Another way to look at in-match bias is to look for odd patterns in fouls-per-booking. A plot of four factors – Referee, Arsenal/Not Arsenal, Season, and Home/Away – and their impact on fouls-per-booking is shown below. Values on the left or right side of the plot represent the fouls per booking for the plots across that row. Values above and below the graph represent different levels of each factor expressed as text in one of the boxes in each column. The legends to the right of the graph explain what each color/shape combination represents in each row. Thus, if one wants to understand how each referee’s average fouls per booking for Arsenal compares to their fouls per booking for the rest of the league, one can look to the square in the 2nd row/1st column or the 1st row/2nd column. Each of those two plots shows the same data, but is each plotted in a different manner.
Looking at the plot of data in the 2nd row/1st column, one sees there is only one referee that has a higher fouls per booking for Arsenal than the rest of the league – Steve Bennett. Yet again, Howard Webb and Phil Dowd lead the pack with their differential of fouls per booking for Arsenal versus the greater numbers of fouls-per-booking they allow for the rest of the league. Surprisingly, the favorable Chris Foy also has a large gap between how he calls Arsenal matches vs. the rest of the league.
What’s especially disturbing is the fact that Dowd ends up with such a bias against Arsenal in fouls-per-booking given his disproportionate number of home matches he’s officiated for Arsenal (7 home matches to 2 away matches). Take a look at the plot in the lower left, which shows home (red) and away (black) fouls-per-booking by referee.
Overall, Phil Dowd shows one of the largest gaps in favor of a higher fouls-per-booking average home versus away – nearly two fouls per booking. Yet such an advantage is not showing up in Arsenal’s numbers when Dowd is officiating their home matches. In fact, when looking for statistically significant factors in the GLM of fouls-per-booking vs. referee, club, season, and venue, the interaction of referee and venue is the only statistically significant term! Some referees are being consistent between home and away matches, while others are showing large gaps.

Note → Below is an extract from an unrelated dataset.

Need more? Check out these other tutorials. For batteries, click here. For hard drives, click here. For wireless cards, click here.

Comparison with Pre-Match Expectations via the Asian Handicap Swing
Does this comport with pre-match expectations? One loose measure of such expectations is the Asian Handicap assigned to a match. Luckily, DogFace has also been recording this statistic for each match. DogFace has also introduced the concept of the Asian Handicap Swing (AH swing) to readers of Untold Arsenal. The AH Swing is computed via the following equation:
AH Swing = Actual Goal Differential – Asian Handicap
The AH Swing represents the performance or deviation against the handicap in actual goal difference. The betting line data (or Asian Handicap) is an average calculated from around 30-50 bookmakers across Europe and Asia. We assume the average bookie handicap does not use corruption/bias as a significant factor in the markets – not only for the reasons stated below but also because referee driven match fixing would only affect the markets significantly in terms of an ‘upset’ against the odds.

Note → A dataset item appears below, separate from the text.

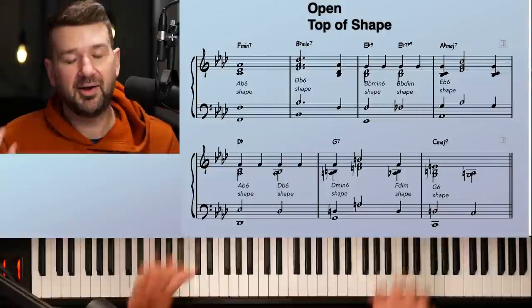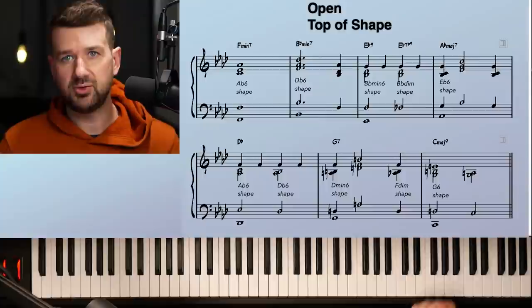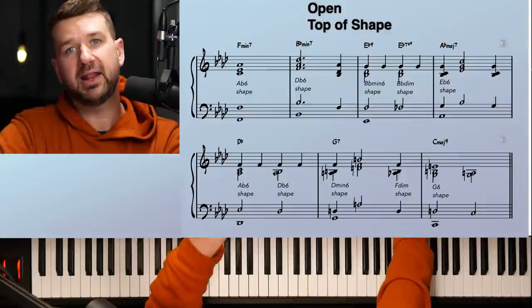Version two still has the melody as the top of the shape, but now using open drop-two voicings. The shapes don't change — it's still A-flat six for F minor seven, D-flat six for B-flat minor seven, B-flat minor six then B-flat diminished for E-flat seven-flat-nine. We're just changing the structure of those four-note shapes. Once you learn which six shapes go with which chords, it all takes care of itself.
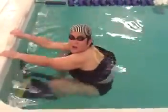Okay, today we're doing backstroke. Here we go. Launch.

If we were to take the stance that the betting line reflects referee corruption/bias then any deviation from that line in terms of an over/under performance would be understated i.e. we could say that any ‘noise’ in the original handicap from the bookies would actually understate the bias we are attempting to model. Luckily previous research does not indicate this case, but rather indicates that on the whole bookmakers may be creating a market that is essentially based on efficiency and competition. At the least, they are essentially hedging a gestalt metaphysical abstraction based on media disinformation and the credulous belief that “it all evens out at the end of the day”. However it is worth considering that, as perception of bias in referee performance becomes more ‘main stream’ and paradigms shift, we will see this effect in reflected in the markets of the future.
This post will instead focus on the reality of the results as it is a far more revealing stance to take. The Asian Handicap line is one that reflects, more or less, the illusion of an uncorrupted market. The swing from that line allows for an examination that a corrupted, or biased, market exists.
Just like odds differential, the AH swing has been calculated for each and every match in the database. A plot of four factors – Referee, Arsenal/Not Arsenal, Season, and Home/Away is shown below. Values on the left or right side of the plot represent the Asian Swing for the plots across that row; values above and below the graph represent different levels of each factor expressed as text in one of the boxes in each column. The legends to the right of the graph explain what each colour/shape combination represents in each row. Thus, if one wants to understand how each referee’s average AH swing for Arsenal compares to their AH swing for the rest of the league, one can look to the square in the 2nd row/1st column or the 1st row/2nd column. Each of those two plots shows the same data, but plotted in a different manner.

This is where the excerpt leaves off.